▶ **The task**: Find the line in the entries below that contains "fotografia ślubna Many". Repeat it exactly, and every line after it through the line that contains "5048 Highway 331, Crescent".

▶ **Given records**:
*****
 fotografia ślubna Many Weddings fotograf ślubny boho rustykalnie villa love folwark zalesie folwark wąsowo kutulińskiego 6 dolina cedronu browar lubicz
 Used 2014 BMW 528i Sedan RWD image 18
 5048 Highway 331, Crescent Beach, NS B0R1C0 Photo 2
*****
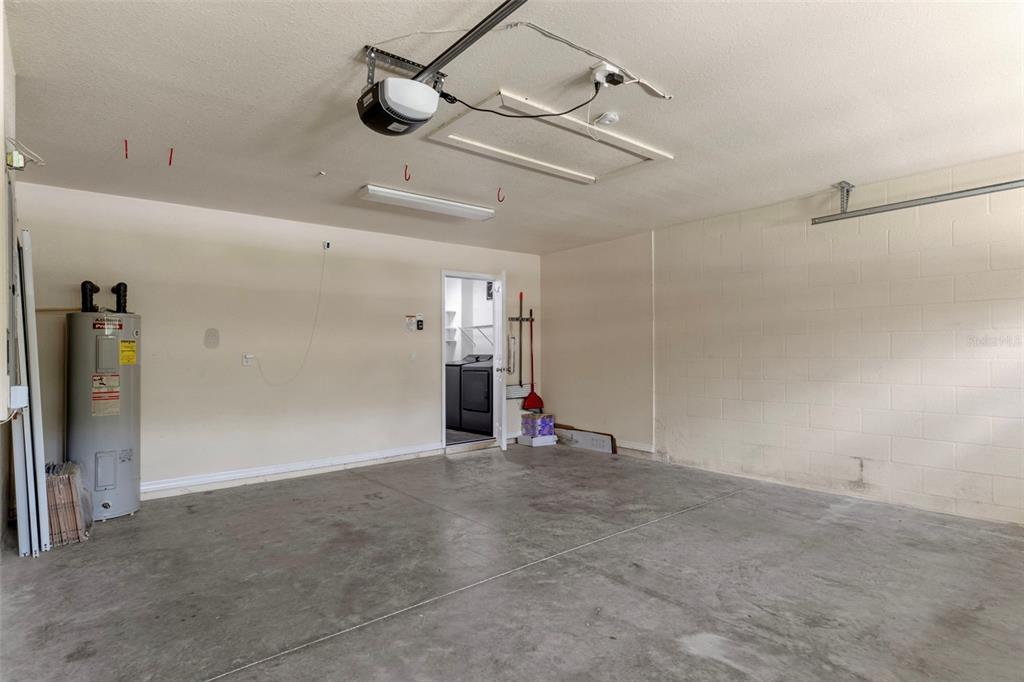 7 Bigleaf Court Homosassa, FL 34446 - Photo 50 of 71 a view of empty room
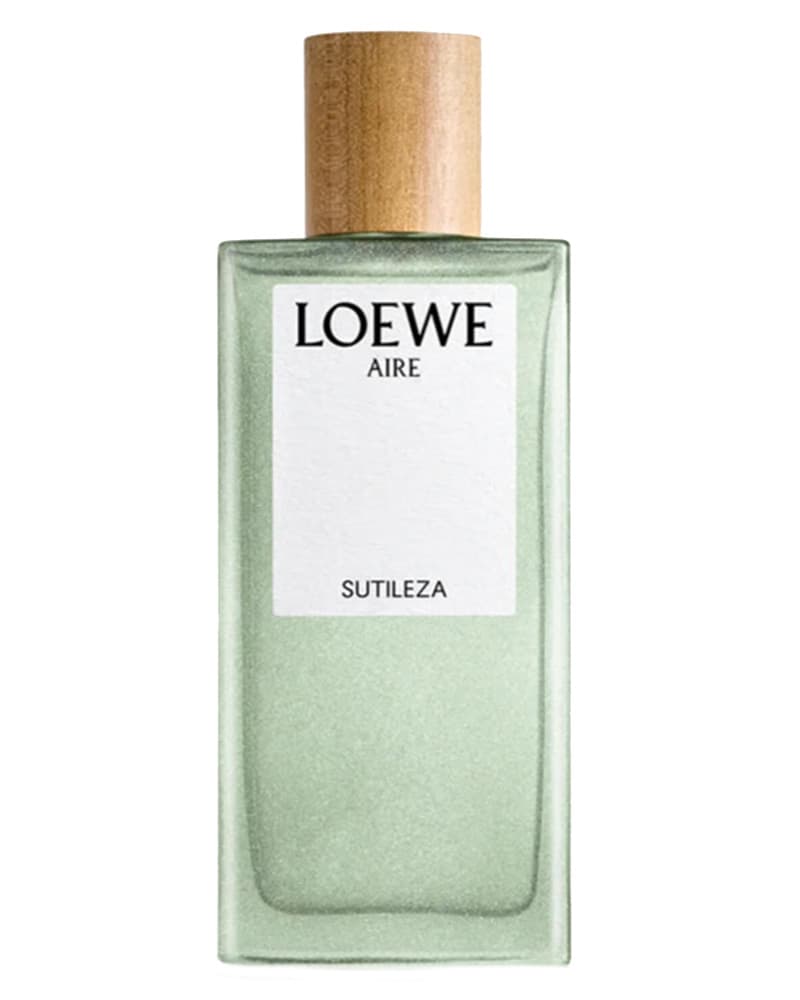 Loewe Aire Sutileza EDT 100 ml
*****
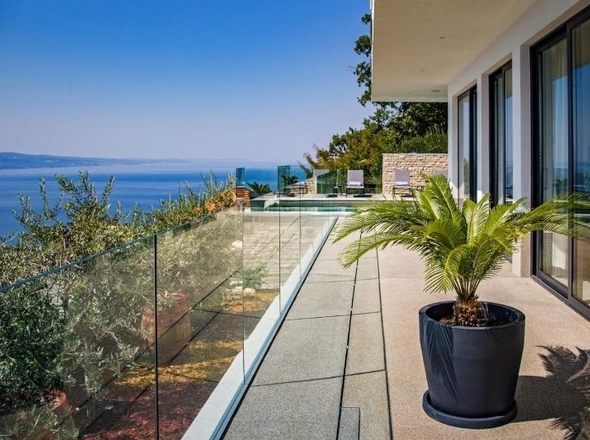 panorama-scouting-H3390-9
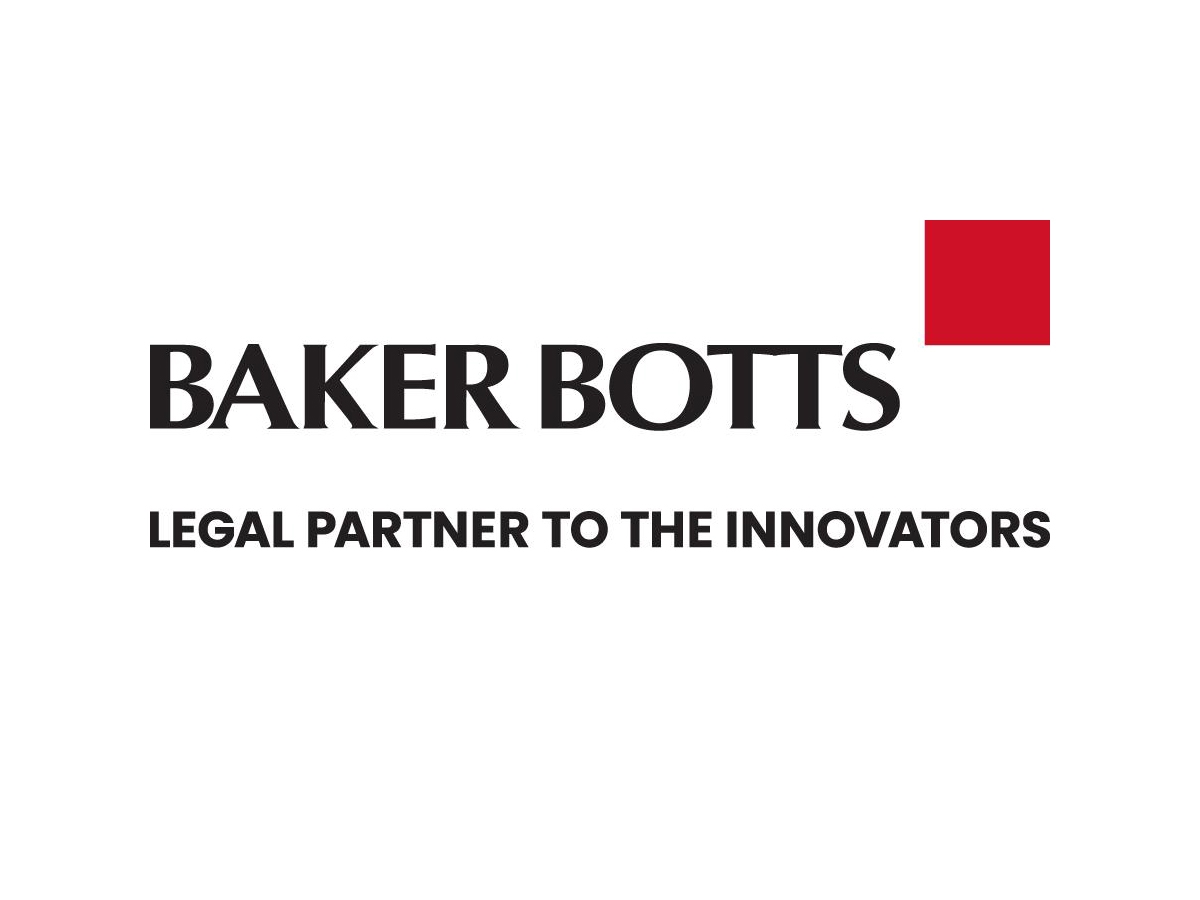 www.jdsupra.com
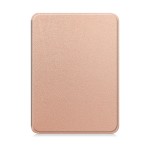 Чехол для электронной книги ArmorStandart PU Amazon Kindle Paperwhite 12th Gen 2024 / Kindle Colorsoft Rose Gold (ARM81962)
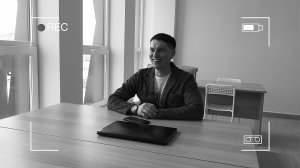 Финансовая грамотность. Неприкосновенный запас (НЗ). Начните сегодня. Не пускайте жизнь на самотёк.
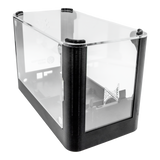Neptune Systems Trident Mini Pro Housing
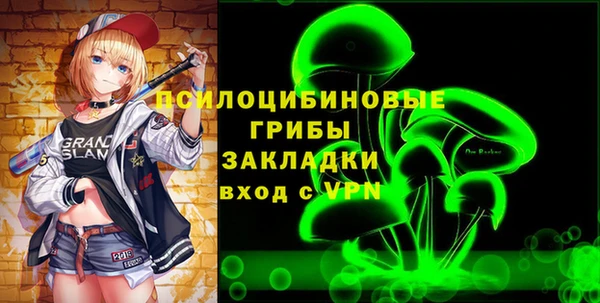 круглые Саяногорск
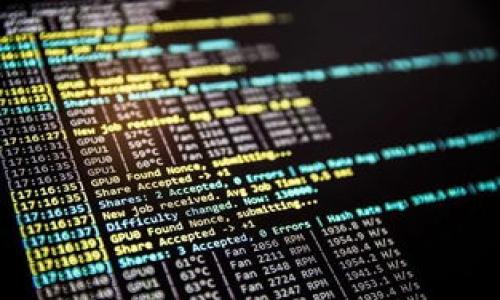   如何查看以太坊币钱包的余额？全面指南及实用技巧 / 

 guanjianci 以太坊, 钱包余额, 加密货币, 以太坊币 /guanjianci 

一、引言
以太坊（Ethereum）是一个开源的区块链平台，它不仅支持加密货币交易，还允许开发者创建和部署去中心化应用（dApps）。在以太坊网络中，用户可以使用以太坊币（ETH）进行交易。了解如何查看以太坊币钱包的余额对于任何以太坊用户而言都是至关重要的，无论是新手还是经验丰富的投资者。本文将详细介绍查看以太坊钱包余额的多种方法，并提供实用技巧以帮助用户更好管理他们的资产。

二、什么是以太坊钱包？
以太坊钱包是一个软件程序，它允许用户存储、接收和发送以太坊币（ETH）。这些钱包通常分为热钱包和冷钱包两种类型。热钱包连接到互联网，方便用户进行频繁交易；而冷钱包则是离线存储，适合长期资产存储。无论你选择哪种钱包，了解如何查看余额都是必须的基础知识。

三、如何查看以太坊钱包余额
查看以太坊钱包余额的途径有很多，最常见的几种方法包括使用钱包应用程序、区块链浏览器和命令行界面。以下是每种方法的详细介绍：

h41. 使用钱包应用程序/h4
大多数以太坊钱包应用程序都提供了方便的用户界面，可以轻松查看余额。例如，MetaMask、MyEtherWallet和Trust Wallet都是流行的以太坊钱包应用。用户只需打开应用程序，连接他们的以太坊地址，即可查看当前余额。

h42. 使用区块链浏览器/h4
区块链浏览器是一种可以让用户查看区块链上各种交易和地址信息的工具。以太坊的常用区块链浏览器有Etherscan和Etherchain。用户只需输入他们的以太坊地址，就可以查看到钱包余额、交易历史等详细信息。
*****
▶ **Task output**:
 fotografia ślubna Many Weddings fotograf ślubny boho rustykalnie villa love folwark zalesie folwark wąsowo kutulińskiego 6 dolina cedronu browar lubicz
 Used 2014 BMW 528i Sedan RWD image 18
 5048 Highway 331, Crescent Beach, NS B0R1C0 Photo 2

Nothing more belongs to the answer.